### Task details
All records below are to be duplicated exactly, with every picture excluded.

[[ Input material open ]]

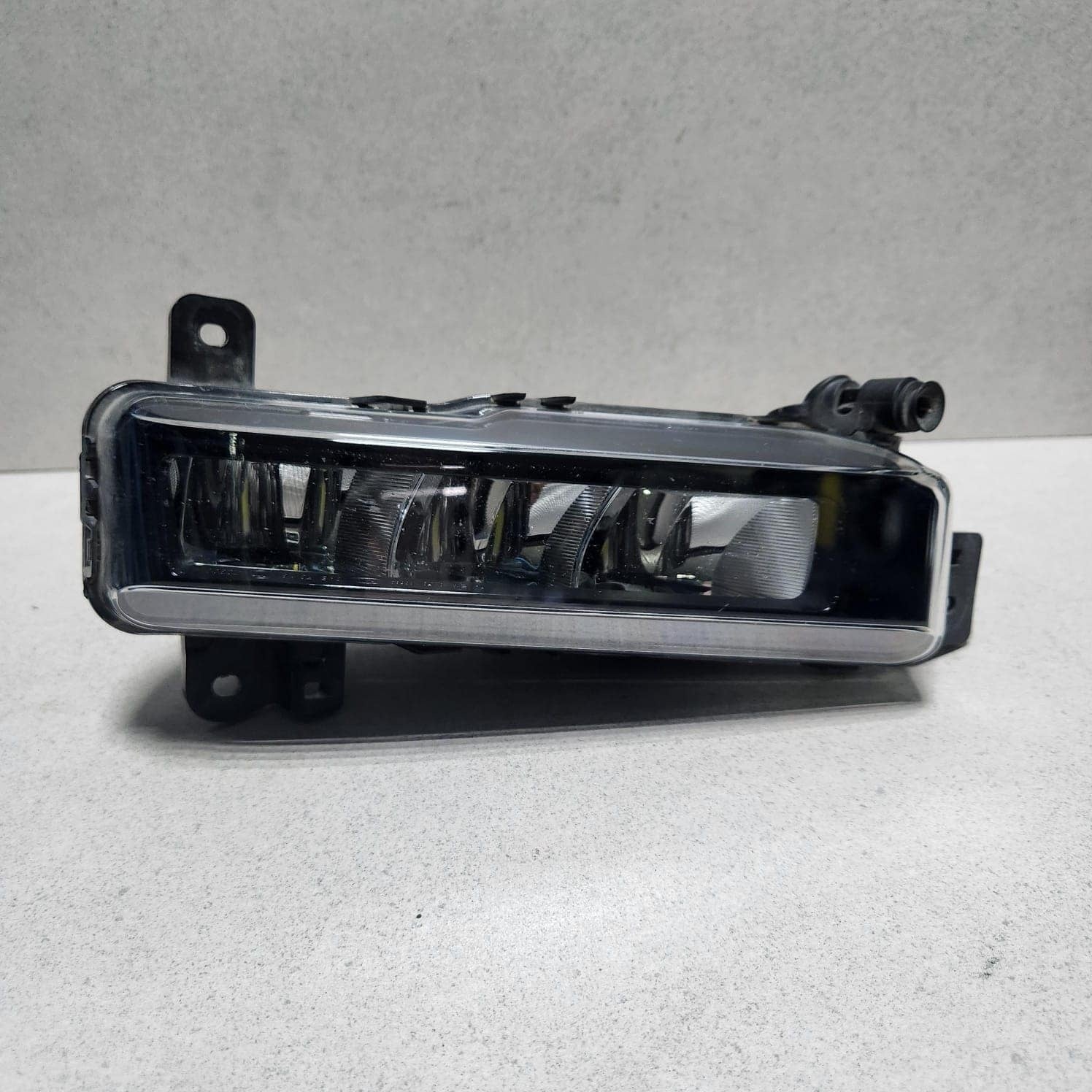 Genuine 2019-2023 BMW 330i Front Left Fog Light 8089525 3 Series G20 G28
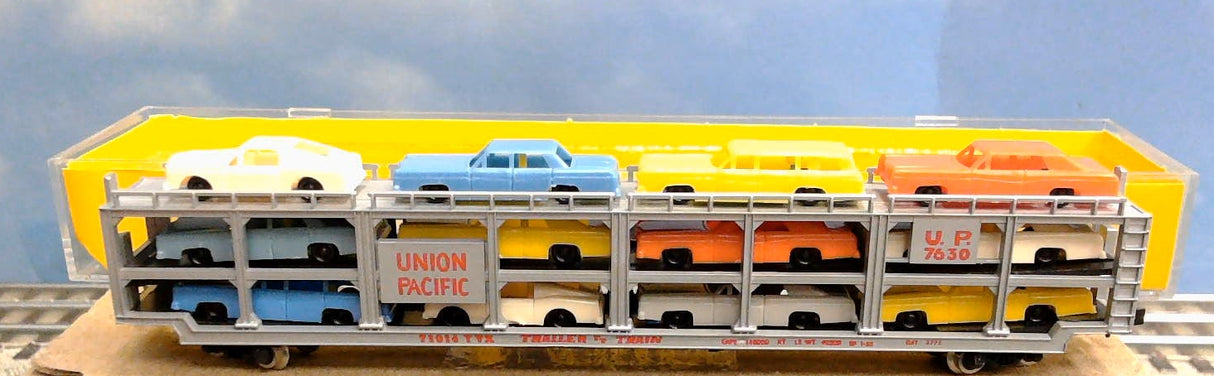 AHM 4902D N Scale Union Pacific Autotransporter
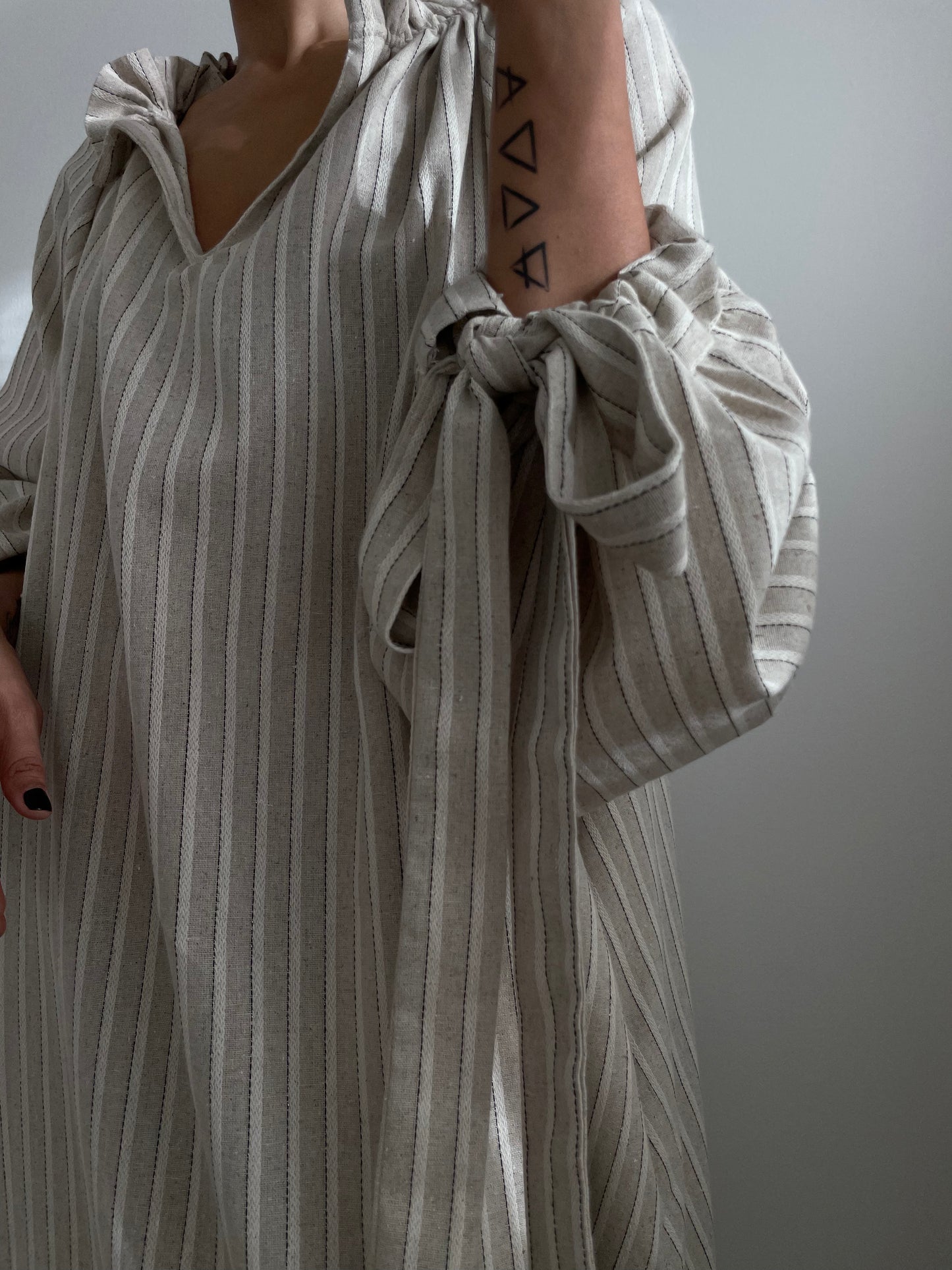 Lea Dress White Stripes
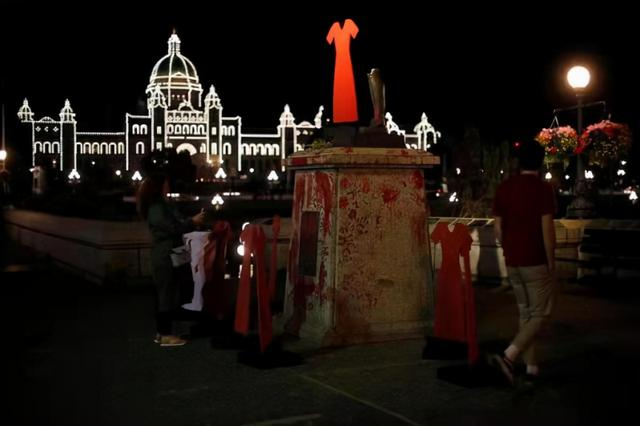加拿大民众纪念死去的原住民儿童（图源：视觉中国）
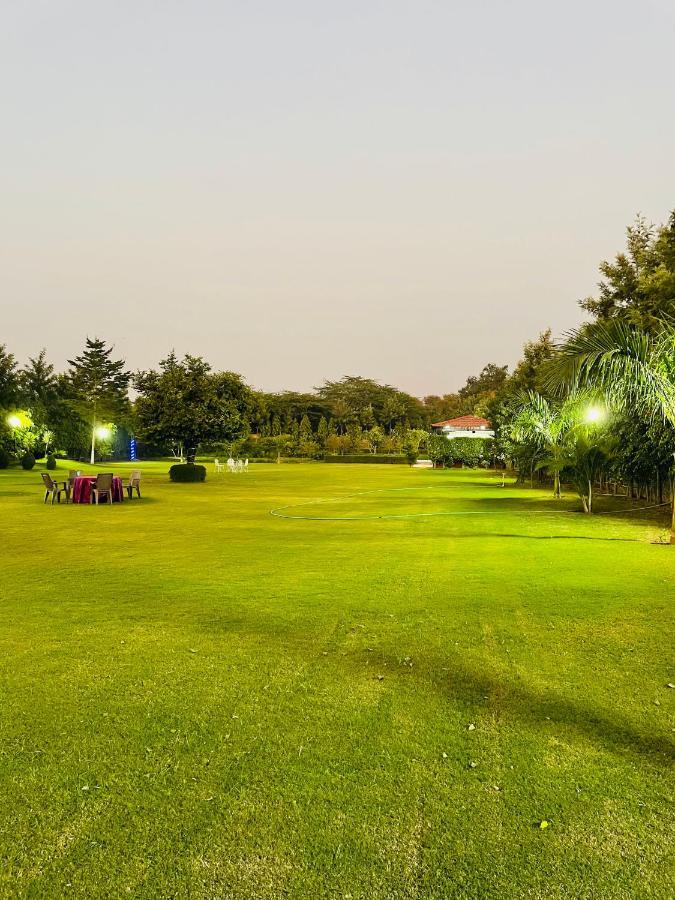 Anantam Aravali Villa Gurgaon Buitenkant foto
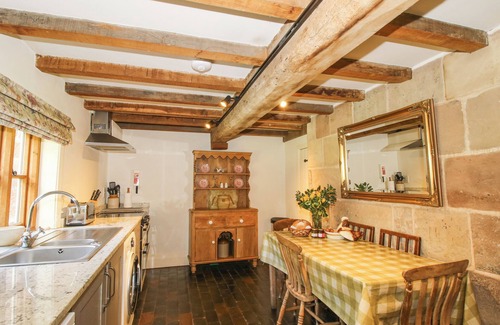 High Ercall Cottage | COURTYARD COTTAGE, family friendly, luxury holiday cottage in Meeson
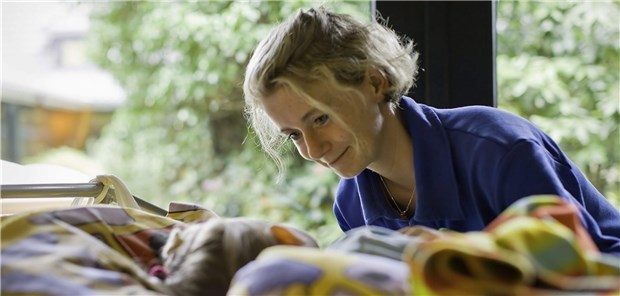 „Walk of Care“ für sterbenskranke Kinder Eine Frau betreut ein sterbendes Kind im Kinderhospiz Sternenbrücke in Hamburg.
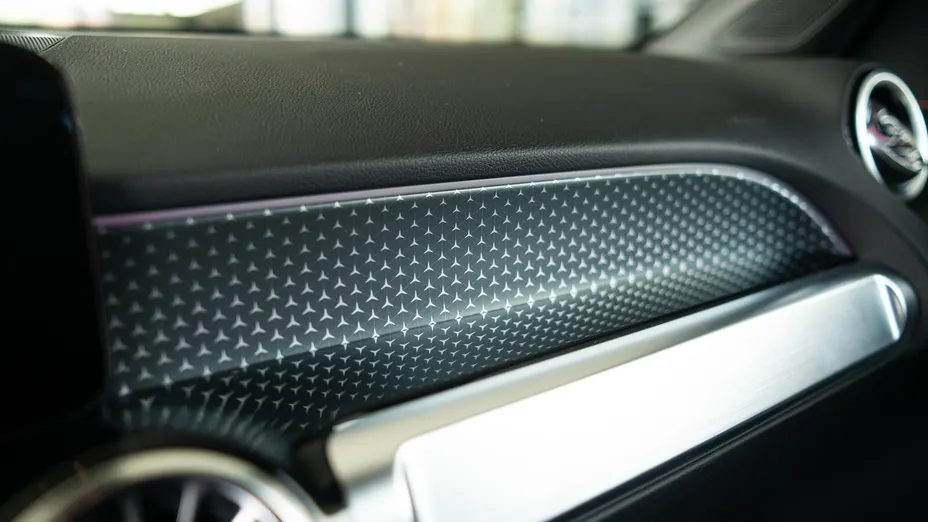 MERCEDES-BENZ GLB GLB 220 d 4-Matic AMG Line 8G-DCT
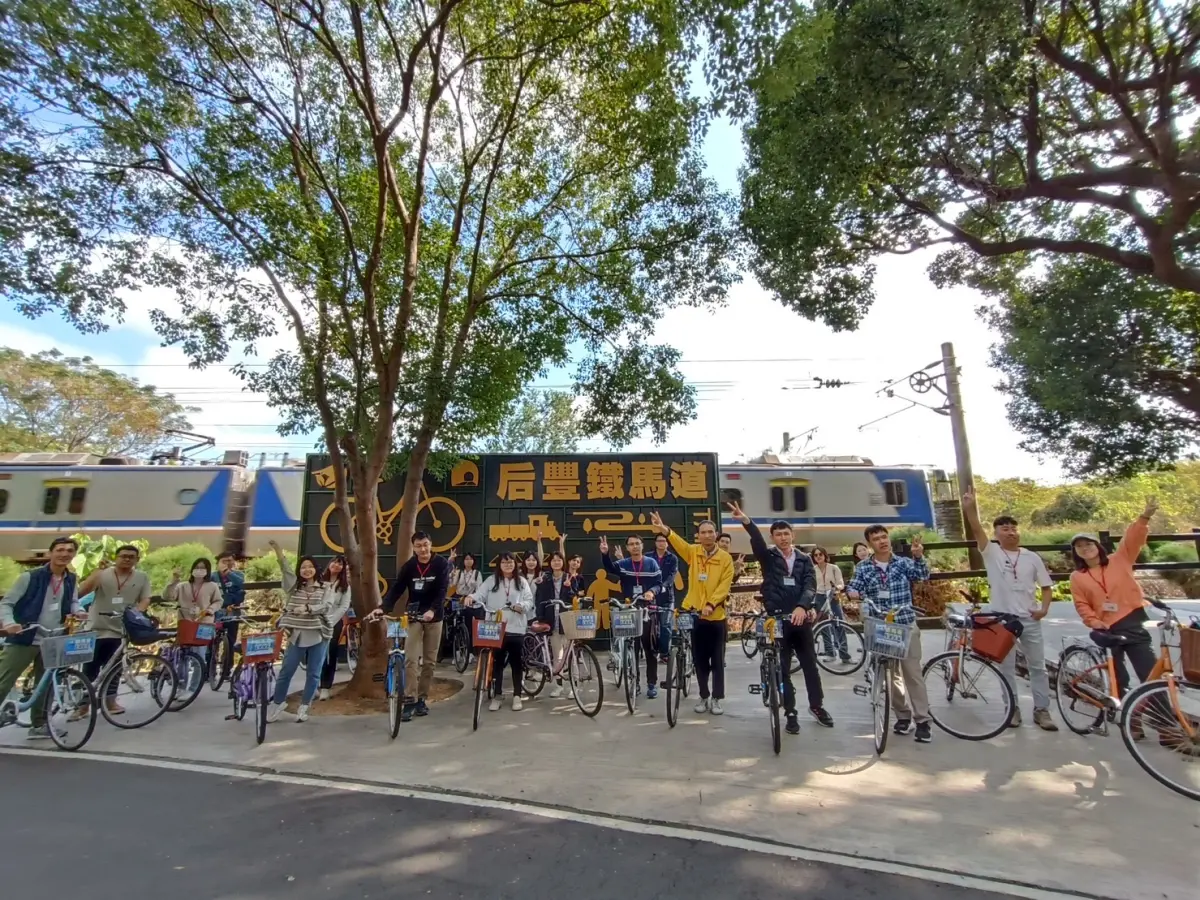 ▲中市府單身聯誼「鐵馬追風落雨松情」騎單車暢遊后豐鐵馬道(圖／民政局提供2023.11.28)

[[ Input material closed ]]

### Output for this exercise
 Genuine 2019-2023 BMW 330i Front Left Fog Light 8089525 3 Series G20 G28
 AHM 4902D N Scale Union Pacific Autotransporter
 Lea Dress White Stripes
加拿大民众纪念死去的原住民儿童（图源：视觉中国）
 Anantam Aravali Villa Gurgaon Buitenkant foto
 High Ercall Cottage | COURTYARD COTTAGE, family friendly, luxury holiday cottage in Meeson
 „Walk of Care“ für sterbenskranke Kinder Eine Frau betreut ein sterbendes Kind im Kinderhospiz Sternenbrücke in Hamburg.
 MERCEDES-BENZ GLB GLB 220 d 4-Matic AMG Line 8G-DCT
 ▲中市府單身聯誼「鐵馬追風落雨松情」騎單車暢遊后豐鐵馬道(圖／民政局提供2023.11.28)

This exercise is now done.